Why so? All the disparate platforms being supported?



Not at all! Mostly because of three issues:

- Reproducibility: often enough I'll come across a straightforward issue like "using an extra serial port" that already has the pins broken out on the board but isn't set as a serial port by default. The solution is almost inevitably "go into this directory deep inside your Arduino install and edit this header file". That results in two issues:

  - It's not project-specific so other projects on my machine now also get the modified header
 
  - If someone else checks out my project, they have to go in and edit that file themselves, spreading the modification like a virus.
- The abstractions are often overly simplistic and hide what's going on under the hood too much. I don't remember which board/chip it was off the top of my head but one board I was working on was having weird timing issues. As it turned out, the whole BSP for Arduino-on-that-board was running FreeRTOS under the hood and was context switching out of my loop() function arbitrarily (causing the delay between, say, two digitalWrite() statements to be dramatically different sometimes)

- The code quality of 3rd-party libraries that are commonly used varies dramatically.

I ultimately settled on Zephyr.
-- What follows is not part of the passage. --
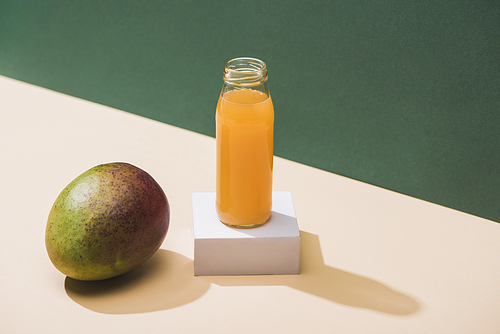 fresh juice in bottle near mango and white cube on green background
It does a fantastic job of doing hardware abstraction and configuration behind a DeviceTree setup, it exposes really nice and consistent RTOS primatives, it has a ton of device driver support baked-in and has generally quite good code quality for all of them. I can do multiple stack-allocated threads with priority instead of having to do ugly polling hacks in a single superloop.


> I can do multiple stack-allocated threads with priority instead of having to do ugly polling hacks in a single superloop.

I think most of your issues are because you haven't escaped the impositions of the Arduino runtime/execution environment, and are sitting on top of a layer of stuff that was designed for students.

The real value of platformio is when you move beyond this, accept responsibility for your executive runtime, and have full control over things. Its not enough to run into the brick wall of the init()/loop() abstraction and then complain that stuff is too simplistic - that is the point, after all, of the Arduino ecosystem. But platformio sits separately from this, and if you do take care to administer your runtime properly - i.e. bypass the Arduino student layer - you can solve pretty much every problem you've noted, better.

>Zephyr

Definitely interesting, but I don't like the idea of a DeviceTree blob, personally. This isn't future proof. But I guess everyone has different requirements for this, going forward. I've taken 5 projects, originally based on Arduino/Platformio, through 3 different hardware design iterations, and the sue of platformio tooling and methodology was definitely a key factor in the ease with which we did that.